YOUR INSTRUCTIONS -
Which lines run from the line with "JR武蔵野線 越谷レイクタウン駅 徒歩10分の賃貸アパート" through the line with "renault speedometer cable" in the entries below? Print them exactly, both ends included, and nothing more.

INPUT RECORDS -
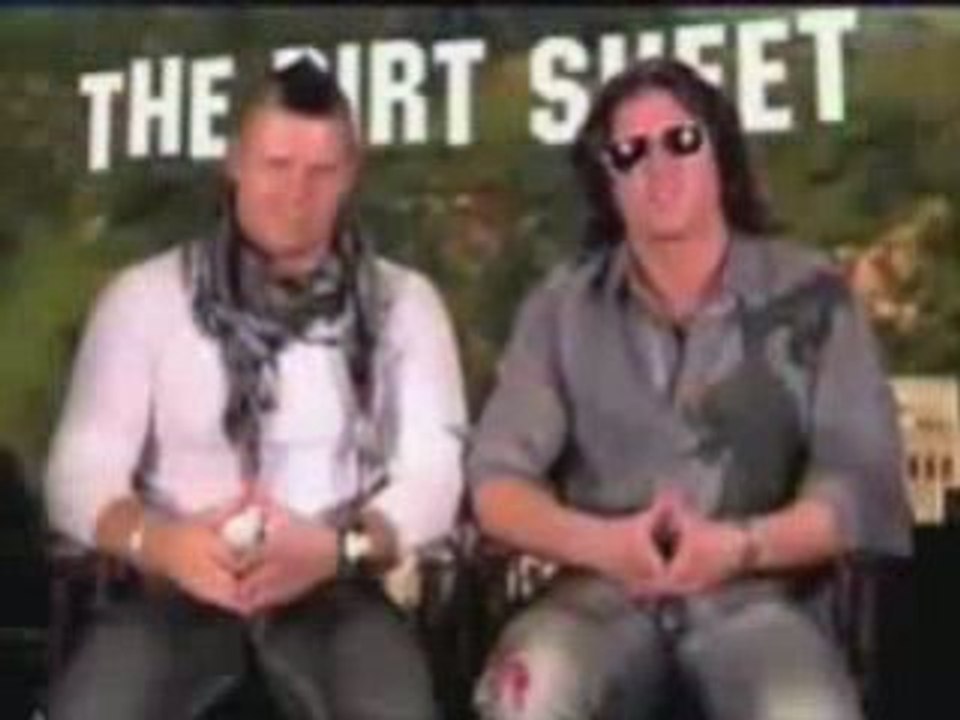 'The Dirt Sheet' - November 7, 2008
...
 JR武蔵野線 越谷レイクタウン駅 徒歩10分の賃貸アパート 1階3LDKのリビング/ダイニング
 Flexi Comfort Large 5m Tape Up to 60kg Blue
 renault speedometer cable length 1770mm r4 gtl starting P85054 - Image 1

TASK RESPONSE -
 JR武蔵野線 越谷レイクタウン駅 徒歩10分の賃貸アパート 1階3LDKのリビング/ダイニング
 Flexi Comfort Large 5m Tape Up to 60kg Blue
 renault speedometer cable length 1770mm r4 gtl starting P85054 - Image 1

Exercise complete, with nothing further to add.